Re: Finding line intercepts on plane in 3D space
- From: Ray Koopman <koopman@xxxxxx>
- Date: Wed, 3 Dec 2008 23:44:18 -0800 (PST)
On Dec 3, 4:41 pm, groups2...@xxxxxxxxxxxx wrote:
I have a triangle in 3D space where each corner coordinate (X,Y,Z) is
known. How do I determine the Z coordinate where an arbitrary line
intersects the plane given that the line's (X,Y) coordinates are known
and constant? (Line is parallel to Z axis and is guaranteed to
intercept the triangle's surface.)
Solve for right-triangles if easier.
Bonus question: I want to enlarge the plane by adding a duplicate
triangle. How do I find the fourth coordinate? (The resulting plane
must not have a seam.)
Your help is appreciated!
There's got to be some short-cut to solving these problems!
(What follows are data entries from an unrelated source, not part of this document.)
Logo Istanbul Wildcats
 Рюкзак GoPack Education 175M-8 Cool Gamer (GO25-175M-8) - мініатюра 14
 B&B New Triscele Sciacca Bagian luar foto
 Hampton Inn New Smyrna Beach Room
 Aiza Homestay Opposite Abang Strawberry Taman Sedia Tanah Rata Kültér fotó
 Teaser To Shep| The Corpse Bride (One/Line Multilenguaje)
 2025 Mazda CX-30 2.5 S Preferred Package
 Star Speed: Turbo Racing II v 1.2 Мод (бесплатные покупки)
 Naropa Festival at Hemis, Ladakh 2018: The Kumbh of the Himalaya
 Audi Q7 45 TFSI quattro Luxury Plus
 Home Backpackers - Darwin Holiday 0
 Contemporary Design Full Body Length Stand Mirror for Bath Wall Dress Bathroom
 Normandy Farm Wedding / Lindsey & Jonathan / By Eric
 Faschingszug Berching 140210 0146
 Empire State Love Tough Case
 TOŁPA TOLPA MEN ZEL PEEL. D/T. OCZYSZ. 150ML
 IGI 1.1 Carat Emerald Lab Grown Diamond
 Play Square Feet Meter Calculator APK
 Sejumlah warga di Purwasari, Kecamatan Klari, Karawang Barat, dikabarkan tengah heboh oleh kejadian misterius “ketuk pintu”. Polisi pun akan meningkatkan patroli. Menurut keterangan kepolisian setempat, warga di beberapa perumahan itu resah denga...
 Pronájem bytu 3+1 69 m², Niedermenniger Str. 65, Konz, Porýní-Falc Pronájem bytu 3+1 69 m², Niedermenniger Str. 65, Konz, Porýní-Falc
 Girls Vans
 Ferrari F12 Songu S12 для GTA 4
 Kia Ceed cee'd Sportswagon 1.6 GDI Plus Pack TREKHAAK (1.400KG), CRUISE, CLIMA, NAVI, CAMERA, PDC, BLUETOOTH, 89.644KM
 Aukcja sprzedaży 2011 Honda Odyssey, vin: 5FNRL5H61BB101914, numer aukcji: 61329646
Without a
solution I will need to resort to successive approximation!
Thank You!
[x1 x2 x3] [p1] [x]
[y1 y2 y3] * [p2] = [y]
[ 1 1 1] [p3] [1]
Solve the above equation for the pi. Then z1*p1 + z2*p2 + z3*p3
is the z-coordinate of the intersection of the line and the plane.
If all pi are positive then the intersection is inside the triangle.
If any pi is negative then the interesection is outside the triangle.
Otherwise the intersection is on the border of the triangle.
.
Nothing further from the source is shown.